I first learned of reproducible research around 1997 or so, in the WaveLab documentation. The idea is that all your results should be easily reproduced by somebody (including yourself six months down the road) with no ambiguity, missed steps, or various fudges. At the time it seemed like such an obvious thing to do, that I wondered why it wasn’t a universal approach. Trying to apply the ideas with the mediocre tools available at the time showed me why it wasn’t, but I always thought the objective was noble.
Fast forward (what feels like a million technological years) to when I first heard about knitr; I think it was about 2013. knitr is a package for use with R, and integrates beautifully with RStudio. It allows for weaving together text, R code, and the results of R calculations into one document. I eagerly installed it and started to use it productively, with very little pain. I have been an enthusiastic, and I thought relatively knowledgeable, user ever since. I was wrong about the latter.
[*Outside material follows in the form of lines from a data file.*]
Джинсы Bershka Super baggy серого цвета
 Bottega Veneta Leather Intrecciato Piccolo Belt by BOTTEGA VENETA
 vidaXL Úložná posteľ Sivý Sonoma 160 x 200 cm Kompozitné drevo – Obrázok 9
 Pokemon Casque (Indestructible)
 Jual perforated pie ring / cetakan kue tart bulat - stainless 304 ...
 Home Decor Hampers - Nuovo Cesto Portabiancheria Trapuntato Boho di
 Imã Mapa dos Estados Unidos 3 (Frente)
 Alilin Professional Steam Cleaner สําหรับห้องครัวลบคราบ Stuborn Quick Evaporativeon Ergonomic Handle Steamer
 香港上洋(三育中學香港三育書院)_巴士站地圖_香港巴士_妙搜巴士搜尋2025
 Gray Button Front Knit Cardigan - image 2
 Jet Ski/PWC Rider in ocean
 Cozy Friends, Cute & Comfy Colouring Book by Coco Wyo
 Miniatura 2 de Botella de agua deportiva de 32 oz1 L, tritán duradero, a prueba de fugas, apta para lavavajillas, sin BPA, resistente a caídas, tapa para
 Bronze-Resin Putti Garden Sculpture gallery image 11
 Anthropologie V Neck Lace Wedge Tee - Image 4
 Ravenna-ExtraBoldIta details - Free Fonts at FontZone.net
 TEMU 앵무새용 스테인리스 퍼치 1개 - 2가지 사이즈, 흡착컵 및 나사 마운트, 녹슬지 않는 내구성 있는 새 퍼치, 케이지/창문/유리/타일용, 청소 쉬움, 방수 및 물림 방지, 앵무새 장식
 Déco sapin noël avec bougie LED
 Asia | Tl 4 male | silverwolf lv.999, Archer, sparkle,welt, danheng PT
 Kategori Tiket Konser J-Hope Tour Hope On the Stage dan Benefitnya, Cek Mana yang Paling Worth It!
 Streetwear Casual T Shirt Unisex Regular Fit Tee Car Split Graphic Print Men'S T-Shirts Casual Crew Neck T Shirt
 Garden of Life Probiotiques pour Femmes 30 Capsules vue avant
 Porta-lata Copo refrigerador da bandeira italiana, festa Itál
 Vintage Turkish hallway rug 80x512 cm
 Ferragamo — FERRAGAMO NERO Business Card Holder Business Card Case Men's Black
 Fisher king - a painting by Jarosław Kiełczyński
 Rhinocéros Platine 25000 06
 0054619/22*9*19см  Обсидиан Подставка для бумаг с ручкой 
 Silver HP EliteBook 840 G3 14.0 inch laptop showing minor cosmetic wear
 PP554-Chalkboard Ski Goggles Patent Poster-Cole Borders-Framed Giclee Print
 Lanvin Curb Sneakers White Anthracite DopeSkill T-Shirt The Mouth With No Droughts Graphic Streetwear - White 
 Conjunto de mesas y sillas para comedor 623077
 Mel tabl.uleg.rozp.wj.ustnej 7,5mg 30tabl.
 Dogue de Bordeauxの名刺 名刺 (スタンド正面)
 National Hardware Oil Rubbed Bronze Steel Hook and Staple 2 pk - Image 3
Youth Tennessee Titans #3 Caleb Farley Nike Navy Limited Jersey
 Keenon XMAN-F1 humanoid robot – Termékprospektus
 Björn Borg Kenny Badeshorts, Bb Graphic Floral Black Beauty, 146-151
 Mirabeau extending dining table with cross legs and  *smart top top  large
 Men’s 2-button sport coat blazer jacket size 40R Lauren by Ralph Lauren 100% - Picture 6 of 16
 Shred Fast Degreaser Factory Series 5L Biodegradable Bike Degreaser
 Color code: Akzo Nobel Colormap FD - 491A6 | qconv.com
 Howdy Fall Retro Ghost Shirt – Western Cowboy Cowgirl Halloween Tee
The book under review, written by the creator of the knitr package, is a gold mine of ideas: things I had no idea knitr could do (integrate with different languages like python), and tricks to get around some of the awkward things I needed to do (moving all the code to an appendix for tech-fearful readers). It also explains all the guts of the system, and is especially informative about how knitr can cache results of time intensive calculations, so that they do not have to be rerun each time you compile the document if the precedents have not changed.
The book is well written, but some details are a little complex, so it is best to read the book in front of the computer so you can try things out. The main problem with this book, like all technology books, is that it is already a little outdated — you can can get more updated documentation on the web. On the other hand, it is hard to find things you don’t know to look for on the web, so having this book is very useful for showing what you can do, that you didn’t even know to look for.
In an industrial context the data you are analyzing is frequently badly messed up, requiring repeatedly obtaining new versions of the data and updating the results. In this scenario, knitr has proved hugely useful, allowing for updating reports with one push of a button. Some of the techniques in the book will make this process even more sophisticated (e.g., change a parameter and get slides as an output rather than a document). I am looking forward to implementing them in my workflow, with this book as my guide.
Peter Rabinovitch is a Senior Performance Engineer at Akamai, and as been doing data science since long before “data science” was a thing. knitr has saved his butt many times.